What we're recommending certainly is the forward movement and acceptance of Bill C-277. We'd really like to see an established well-funded secretariat, and the formation of a small, nimble, high-level working group made up of key national organizations to start working with the secretariat on implementation.
Focus needs to be on administrative cost containment so that funds can see their way to the delivery of services. We've seen other projects go on and lots of money put into major infrastructure, which unfortunately hasn't translated into a lot of key things hitting...your rubber hitting the road. This is something where there's lots of good work happening across the country. We have shown in the palliative care world that we work well together. We've been doing things on a shoestring for years. This can be done efficiently. We want to see the monies get to providers out in the areas with increased resources so that we can actually make those differences that need to happen.
We need to bring in additional stakeholders, when and where required, to develop the efficiencies, gain the insights, and mobilize strategies. Having another 100-body committee to work on things is going to be very slow and tedious. Again, you see by that demographic curve, we're into it now.
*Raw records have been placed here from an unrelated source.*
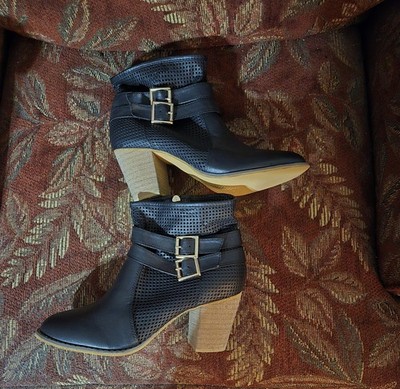 Vintage Y2K Bucco Caprice Black Perforated Ankle Boots 9   2000s Faux Leather...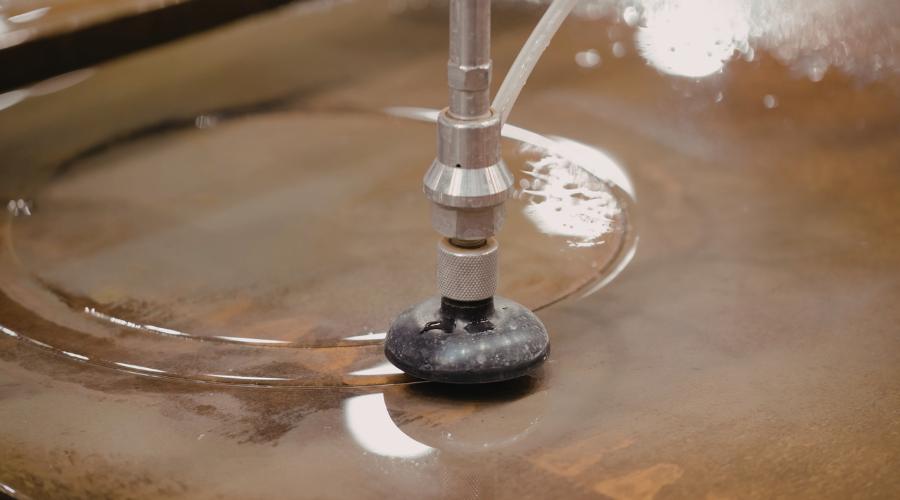 Pocas tecnologías ofrecen un equilibrio tan bueno entre precisión y versatilidad como lo hace el corte por chorro de agua.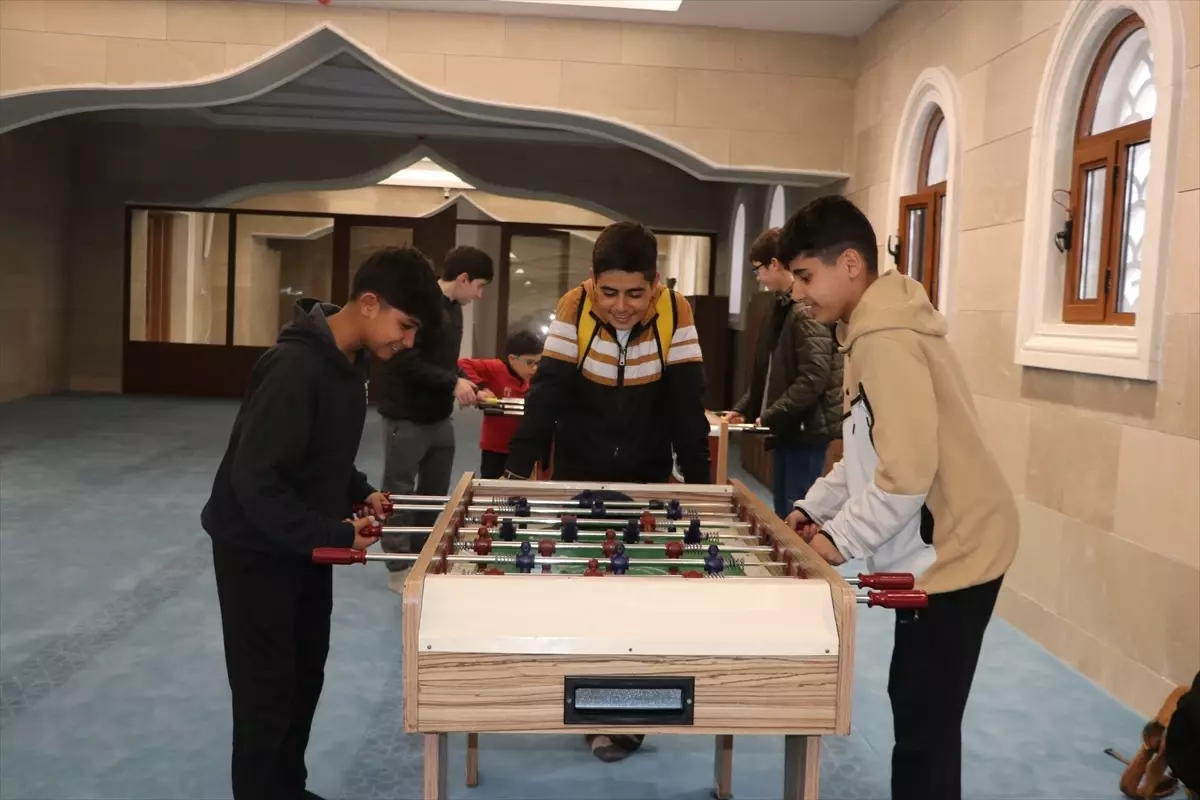 Gaziantep'te Şahinbey Millet Camisi'nde çocuklar spor aktiviteleriyle eğlenceli vakit geçiriyor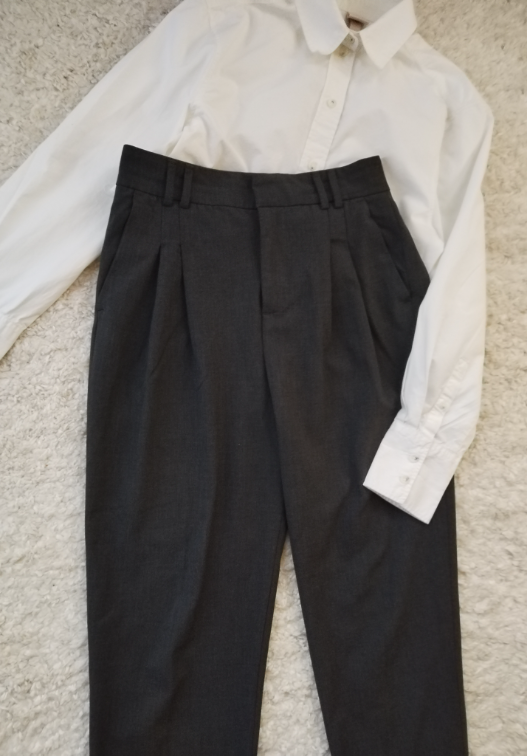 ZARA top pantalone sive boje sa faltama  slika #2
We don't have 10 or 15 years to be doing this. Our hospitals are already starting to be overloaded. I know in Nova Scotia they have overcrowding. They're having to develop new terms to label the levels of overcrowding we're having in some of our hospitals because of this aging demographic and the demands.
What is needed? Again, we need to start with what we know. We really need to be collecting standardized national data. That can happen as well through a national secretariat to help move that forward and make sure we're doing this: setting, monitoring, and enforcing national standards and indicators for palliative care in Canada; and making accreditation of health care services both in hospitals, long-term care homes, home care services, etc., all mandatory and contingent on palliative care services being provisioned to nationally accepted standards. We also need to—and my colleague here will be speaking to this, I think, a bit more—standardize and insist on integration of core competencies in the schools of health care professionals.
We had the opportunity to hear from the Canadian Nurses Association today. I know for medicine, for nursing, for social work, and for pharmacy in particular the core competencies are developed. The big challenge has been getting those integrated within the health care professional schools. That is something for which we may need some federal pressure to help make that happen. We've been advocating. We've been trying to get that to happen, but there's so much competition for that time within our professional schools that you have to look to take something out to add some more time in. But, at the end of the day, what we're doing is so fundamental it needs to be there.